In other words, for $R_{pu}$ to be an unbiased estimator of the surrogate 0-1 risk we must have a symmetry condition on $\ell$:

\[\ell(f(x),-1)+\ell(f(x),1)=1\]

The 0-1 loss satisfies this, but it is not a good candidate for practical applications. We seek a loss function that is continuous, smooth and differentiable, so that we can use gradient descent to optimize the classifier. All these conditions are met by the sigmoid loss:

\[\ell_\sigma(f(x), y) = \frac{1}{1+\exp(y\cdot f(x))}\]

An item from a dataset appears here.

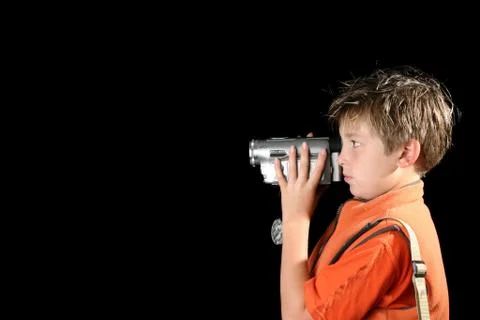 Child using a home video camera Foto stock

It is trivial to verify that the symmetric condition is satisfied:

\[\begin{align} \ell_\sigma(f(x), -1)+\ell_\sigma(f(x), 1) &=\frac{2+\exp(f(x))+\exp(-f(x))}{ (1+\exp(f(x)))(1+\exp(- f(x)))} \\ &=\frac{2+\exp(f(x))+\exp(-f(x))}{ 1+\exp(f(x))+\exp(-f(x)))+\exp(0)} \\ &= 1 \end{align}\]

Conclusion

We first derived an expression for the 0-1 risk that can be computed with a dataset that only has positive and unlabeled examples. We then generalized this expression to any surrogate loss, and derived an essential condition that such a loss must satisfy in order to give an unbiased estimate of the risk. We finally presented an example of such loss that makes learning from positive unlabeled data no harder than learning with negative examples.

Bibliography

  1. du Plessis, M. C., Niu, G. & Sugiyama, M. Analysis of Learning from Positive and Unlabeled Data. Advances in Neural Information Processing Systems 27, (2014). 

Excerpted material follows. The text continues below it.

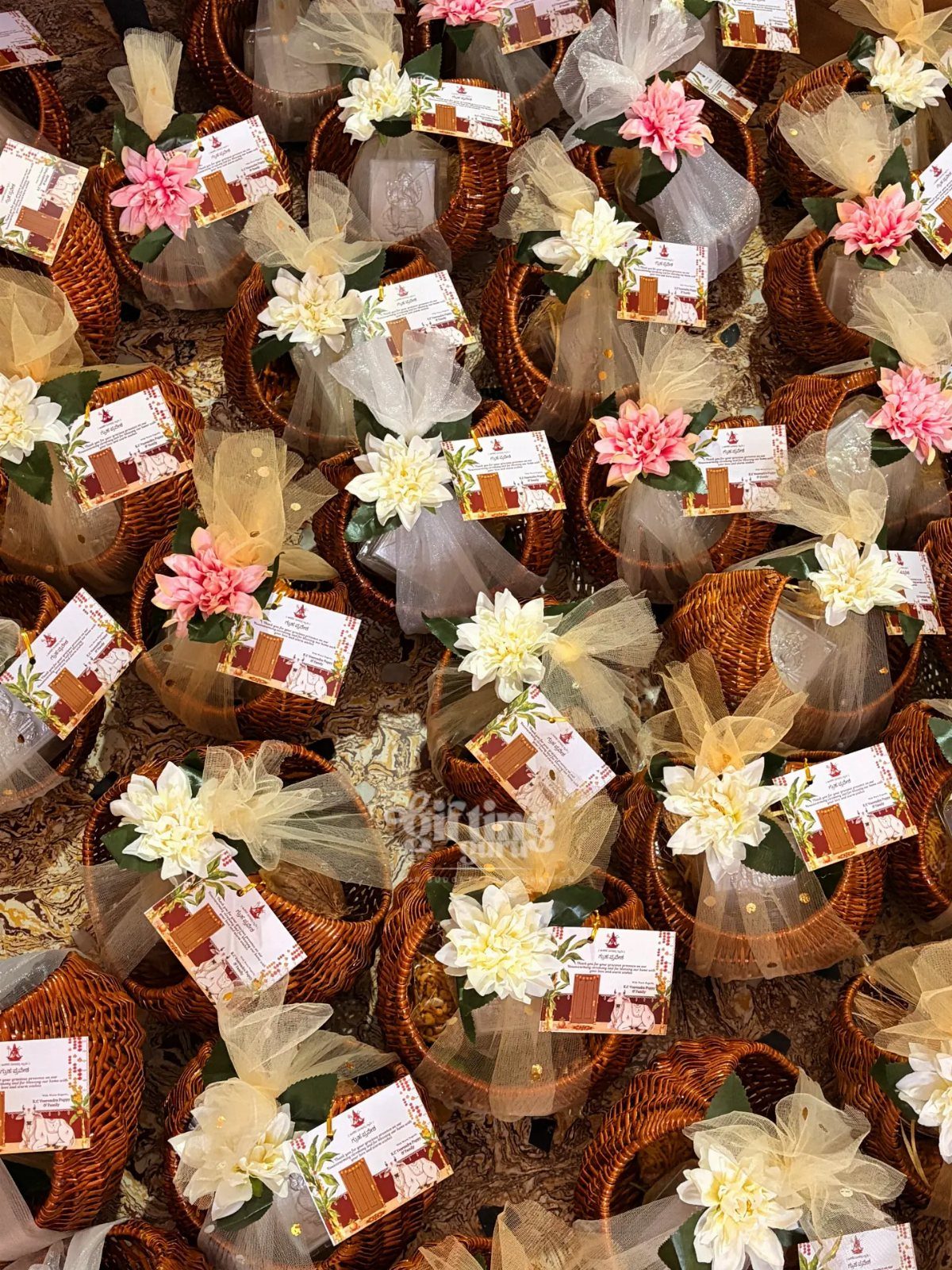 Small wicker baskets with flowers and house tags as housewarming party favors.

  2. Bartlett, P. L., Jordan, M. I. & Mcauliffe, J. D. Convexity, Classification, and Risk Bounds. Journal of the American Statistical Association 101, 138–156 (2006). 

  3. du Plessis, M. C., Niu, G. & Sugiyama, M. Class-prior estimation for learning from positive and unlabeled data. Mach Learn 106, 463–492 (2017).